Thailand's central bank removes capital control

The governor of the Bank of Thailand said Friday the central bank will remove effective March 3 the controversial capital controls it imposed to restrain the country's currency from getting too strong.
Removal of the controls is justified by several factors, including a strengthening economy and a greater balance of inflows and outflows in the foreign exchange market, Bank of Thailand Gov. Tarisa Watanagase told a press conference.
The central bank implemented a one-year, 30 percent withholding requirement on many types of capital inflows in December 2006, in part to help maintain the competitiveness of Thai exports by restraining the value of the baht.
But the immediate effect of the measure was to trigger a massive one-day sell-off on the Thai stock market and damage the country's reputation with foreign investors.
Widespread expectations that the controls would be removed had "eroded the effectiveness" of the measure, Tarisa told reporters.
Other measures will be implemented to support removal of the controls, she said, adding that a managed float of the baht remains an appropriate policy.

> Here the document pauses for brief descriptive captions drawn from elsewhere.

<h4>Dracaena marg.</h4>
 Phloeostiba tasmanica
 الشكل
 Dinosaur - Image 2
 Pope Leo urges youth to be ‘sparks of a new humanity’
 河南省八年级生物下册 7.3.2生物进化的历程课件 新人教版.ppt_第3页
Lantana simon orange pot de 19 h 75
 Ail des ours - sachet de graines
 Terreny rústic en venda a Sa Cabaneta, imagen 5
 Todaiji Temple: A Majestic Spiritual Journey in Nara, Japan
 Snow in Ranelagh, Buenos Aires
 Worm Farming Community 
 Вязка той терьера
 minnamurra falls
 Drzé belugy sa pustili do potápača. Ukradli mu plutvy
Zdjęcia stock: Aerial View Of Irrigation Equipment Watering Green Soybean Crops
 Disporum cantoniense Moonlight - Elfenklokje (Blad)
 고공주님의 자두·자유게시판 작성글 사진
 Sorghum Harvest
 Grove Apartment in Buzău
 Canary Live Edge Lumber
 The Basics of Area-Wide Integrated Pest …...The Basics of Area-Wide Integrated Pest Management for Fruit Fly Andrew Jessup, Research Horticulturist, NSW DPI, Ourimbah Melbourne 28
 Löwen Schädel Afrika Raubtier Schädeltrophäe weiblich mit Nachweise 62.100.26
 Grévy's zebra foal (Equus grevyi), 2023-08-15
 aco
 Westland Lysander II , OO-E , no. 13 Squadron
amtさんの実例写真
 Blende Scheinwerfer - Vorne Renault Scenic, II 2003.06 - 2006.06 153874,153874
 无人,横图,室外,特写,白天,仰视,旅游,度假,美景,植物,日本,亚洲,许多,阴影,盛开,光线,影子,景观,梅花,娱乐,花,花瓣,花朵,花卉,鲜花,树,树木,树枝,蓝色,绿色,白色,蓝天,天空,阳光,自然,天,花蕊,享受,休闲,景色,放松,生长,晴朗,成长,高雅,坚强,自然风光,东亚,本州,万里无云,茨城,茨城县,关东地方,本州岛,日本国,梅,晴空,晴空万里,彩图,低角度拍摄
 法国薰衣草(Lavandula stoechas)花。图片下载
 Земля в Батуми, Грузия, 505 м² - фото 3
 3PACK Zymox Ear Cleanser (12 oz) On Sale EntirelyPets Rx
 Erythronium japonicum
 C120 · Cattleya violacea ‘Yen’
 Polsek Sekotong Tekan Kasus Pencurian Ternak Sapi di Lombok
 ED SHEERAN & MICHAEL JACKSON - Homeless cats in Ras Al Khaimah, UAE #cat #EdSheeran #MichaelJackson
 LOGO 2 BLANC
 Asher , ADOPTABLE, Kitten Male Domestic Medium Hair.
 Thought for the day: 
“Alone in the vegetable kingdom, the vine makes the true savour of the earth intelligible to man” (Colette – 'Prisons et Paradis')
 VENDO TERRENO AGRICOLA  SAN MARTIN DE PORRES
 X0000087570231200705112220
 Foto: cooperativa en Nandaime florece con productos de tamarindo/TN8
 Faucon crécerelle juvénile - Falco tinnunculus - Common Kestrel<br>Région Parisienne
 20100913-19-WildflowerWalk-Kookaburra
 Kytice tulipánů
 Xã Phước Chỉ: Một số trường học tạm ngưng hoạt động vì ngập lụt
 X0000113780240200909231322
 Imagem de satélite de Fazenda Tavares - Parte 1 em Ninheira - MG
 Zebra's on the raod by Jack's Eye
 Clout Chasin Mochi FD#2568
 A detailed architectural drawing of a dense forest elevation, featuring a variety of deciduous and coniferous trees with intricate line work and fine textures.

The bank imposed the controls while Thailand was under the administration of a military-installed government that took over after former Prime Minister Thaksin Shinawatra was deposed by a coup.
The decision by the central bank came after the country's newly elected government, led by Prime Minister Samak Sundaravej, pushed for the controls to be removed.
Samak's party, the People's Power Party, is led by Thaksin's loyalists, and is widely seen as a replacement for the ousted premier's Thai Rak Thai Party, which was dissolved for election law violations.
The People's Power Party had already announced its intention to ax the controls after winning the most number of parliamentary seats in a general election last December.